*** Opening of DATA SHOWN ***

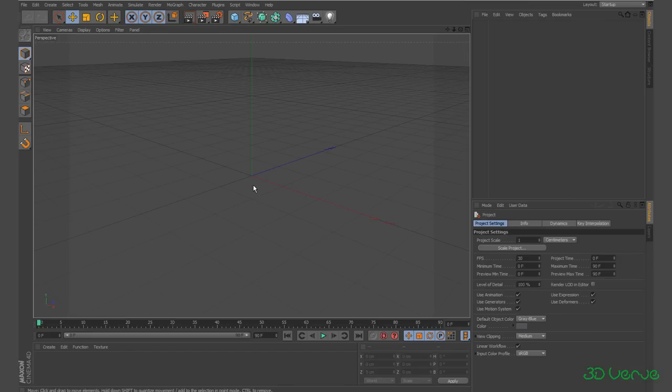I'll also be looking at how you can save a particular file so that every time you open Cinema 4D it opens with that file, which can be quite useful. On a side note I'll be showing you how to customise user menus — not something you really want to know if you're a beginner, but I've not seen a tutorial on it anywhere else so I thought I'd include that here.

*** Close of DATA SHOWN ***
*** Opening of DATA SHOWN ***

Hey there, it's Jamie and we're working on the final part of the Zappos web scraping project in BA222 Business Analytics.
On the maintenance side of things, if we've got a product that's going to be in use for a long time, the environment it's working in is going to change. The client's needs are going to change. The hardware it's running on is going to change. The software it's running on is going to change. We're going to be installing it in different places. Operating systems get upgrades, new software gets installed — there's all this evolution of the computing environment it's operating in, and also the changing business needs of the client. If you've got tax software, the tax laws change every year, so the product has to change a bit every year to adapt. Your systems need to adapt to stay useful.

*** Close of DATA SHOWN ***

PROBLEM TO SOLVE → Both end lines included, restate word for word the lines above from the line with "Hey there, it's" to the line with "On the maintenance", and nothing else.

YOUR SOLUTION →
Hey there, it's Jamie and we're working on the final part of the Zappos web scraping project in BA222 Business Analytics.
On the maintenance side of things, if we've got a product that's going to be in use for a long time, the environment it's working in is going to change. The client's needs are going to change. The hardware it's running on is going to change. The software it's running on is going to change. We're going to be installing it in different places. Operating systems get upgrades, new software gets installed — there's all this evolution of the computing environment it's operating in, and also the changing business needs of the client. If you've got tax software, the tax laws change every year, so the product has to change a bit every year to adapt. Your systems need to adapt to stay useful.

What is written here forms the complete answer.